Habeat et in diarodino laberinthum fabrefactum ex auro et margaritis, in quo sit Minotaurus, digitum ad os tenens ex smaragdo factus, quia sicut non valet quis laberinthum scrutare, ita non debet consilium dominatoris propalare.

"Let there be represented on it (the Emperor's robe) a labyrinth of gold and pearls, in which is the Minotaur, made of emerald, holding his finger to his mouth, thus signifying that, just as none may know the secret of the labyrinth, so none may reveal the monarch's counsels."

Fig. 40.—Labyrinth engraved on an ancient gem. (Maffei.)

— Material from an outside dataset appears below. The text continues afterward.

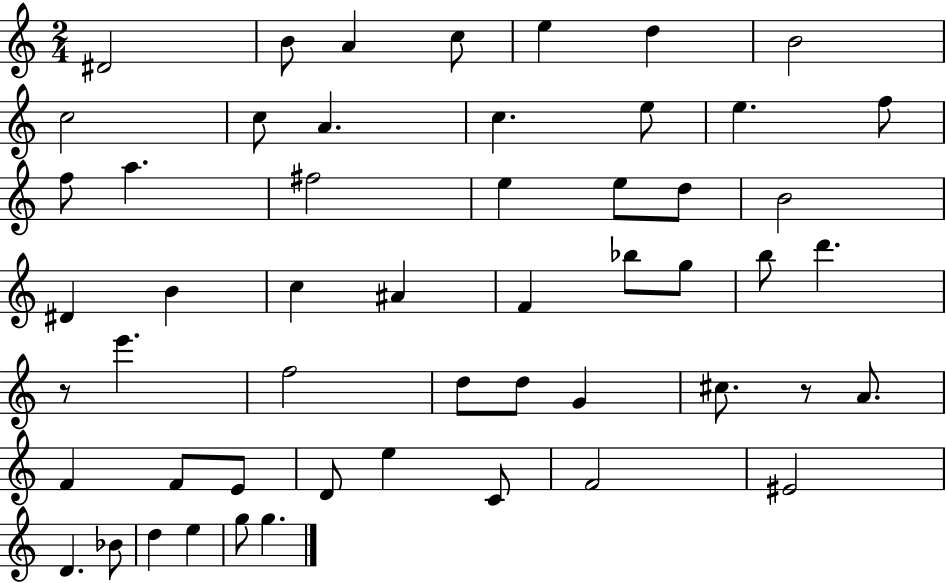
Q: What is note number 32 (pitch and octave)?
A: F5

It has been pointed out by Mr. A. B. Cook that in the Fitzwilliam Museum at Cambridge is a painting by Bartolommeo Veneto (1502–1530) representing an unknown man who wears on his breast a labyrinth resembling that described above.


[CHAPTER IX]
CHURCH LABYRINTHS

The consideration of labyrinths worked in Roman mosaic pavements leads us on to a very interesting development of the subject which deserves a chapter to itself, namely, the Labyrinth in the Church.

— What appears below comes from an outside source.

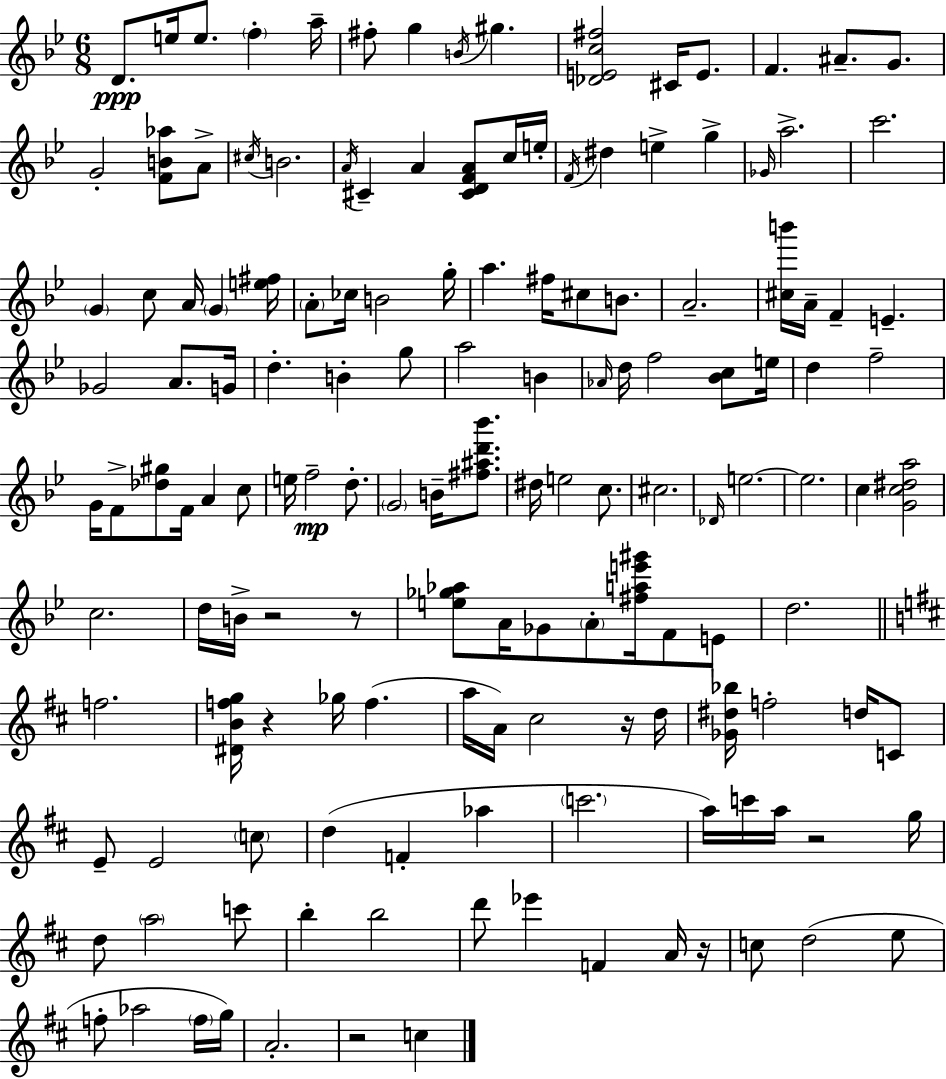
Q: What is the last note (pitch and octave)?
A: C5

Probably the oldest known example of this nature is that in the ancient basilica of Reparatus at Orléansville (Algeria), an edifice which is believed to date from the fourth century A.D. In the pavement near the north-west entrance of the church is the design shown in outline in [Fig. 42]. It measures about 8 ft. in diameter and shows great resemblance to the Roman pavement found at Harpham and the tomb-mosaic at Susa. At the centre is a jeu-de-lettres on the words SANCTA ECLESIA, which may be read in any direction, except diagonally, commencing at the centre. But for the employment of these words the labyrinth in question might well have been conceived to be a Roman relic utilised by the builders of the church to ornament their pavement. Such pavement-labyrinths, however, with or without central figures or other embellishments, and of various dimensions and composition, are found in many of the old churches of France and Italy.

Fig. 42.—Labyrinth in Church of Reparatus, Orléansville, Algeria. (Prevost.)